The young pianist James Francies performed a medley of two of Brackeen’s tunes, “Fi-Fi Goes to Heaven” and “Crystal Palace BPC,” backed by McBride and drummer Terri Lyne Carrington. Now recording for Blue Note Records, Francies captured the driving virtuosity and improvisational flights of fancy that are hallmarks of Brackeen’s style.
Before the tribute to Reeves, pianist Jason Moran, the Kennedy Center’s Artistic Director for Jazz, improvised music for an “In Memoriam” segment that paid homage to such recently departed NEA Jazz Masters as Jon Hendricks, George Avakian, Muhal Richard Abrams and Cecil Taylor. Moran even evoked Taylor’s distinctive percussive approach while the avant-jazz pioneer’s image was up on the screen.
The final honoree was fêted, appropriately enough, by one of the music’s most impressive young vocalists, Cécile McLorin Salvant. She was accompanied by pianist Sullivan Fortner and a rhythm section of McBride and Carrington, both of whom are likely future NEA Jazz Masters. Carrington in particular has had a long and close relationship with Reeves, not only as a bandmate and musical director but also as a producer. Salvant performed “Obsession,” a tune that Reeves recorded for her 2001 album, The Calling, a celebration of one of her own vocal heroes, Sarah Vaughan. As Reeves said after the performance, Salvant took the song and did something with it that Reeves would never do or even think to do—and such risk-taking is exactly what makes jazz continue to evolve and grow.
Reeves seemed to be the only honoree who spoke extemporaneously, or at least from minimal notes. With warm and humorous anecdotes, she spoke about the early breaks and deep inspiration given to her by mentors like Sérgio Mendes, Clark Terry and her cousin George Duke. It was through Terry, she said, that she learned “my instrument was one thing, but my voice was my soul.” She also thanked her aunt, who nurtured in the singer a love for all kinds of music, including more earthy types, such as a few ribald blues tunes with double-entendre lyrics that a young Reeves didn’t understand until much later.

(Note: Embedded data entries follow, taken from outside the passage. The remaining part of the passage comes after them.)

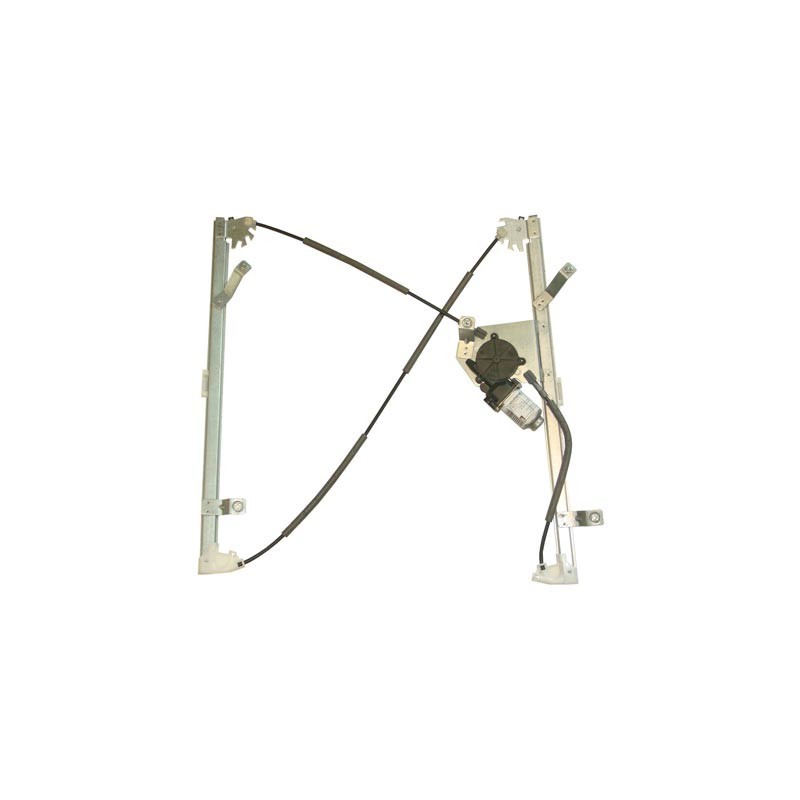 Alz.elett.anteriore sinistro (2P) Renault Kangoo 10/2008- anche per Mercedes Citan (W415) RN75L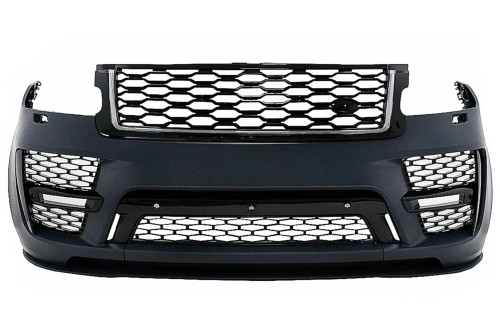 BODY KIT ZDERZAK PRZEDNI LAND RANGE ROVER VOGUE IV L405 SWB (18+) SVO LOOK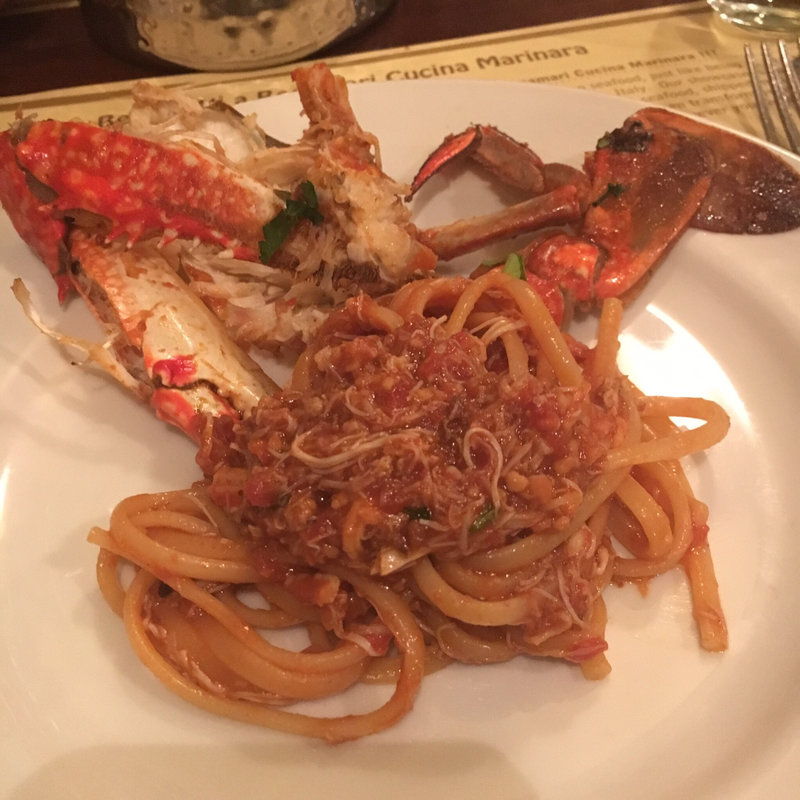 (ボガマリ・クチーナ・マリナーラ （Ｂogamari Cucina Marinara）)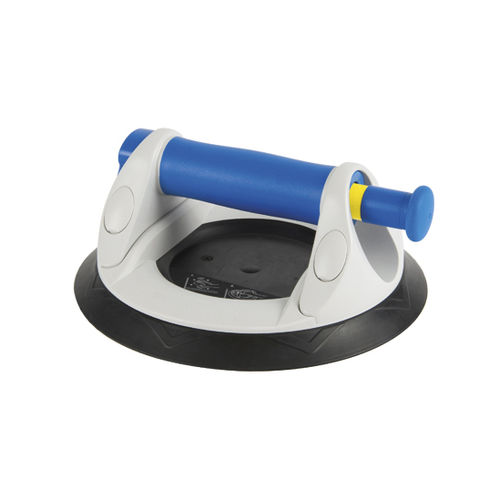 Ventouse plate - BO 601G - Bohle AG - circulaire / en plastique / à pompe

The evening was capped off by a performance of a totally different kind. The dynamic Afropop singer Angélique Kidjo performed a rousing version of the Rolling Stones’ “Gimme Shelter,” backed by many of the musicians from the night, including Felder, McBride, Carrington and Sanchez, plus Helen Sung on piano and keyboards. The honorees came up onstage for the last part of the song, some dancing, one (Reeves) singing, but all smiling. Kudos to the NEA and the Kennedy Center for so perfectly blending a respect for the past with a look to the future.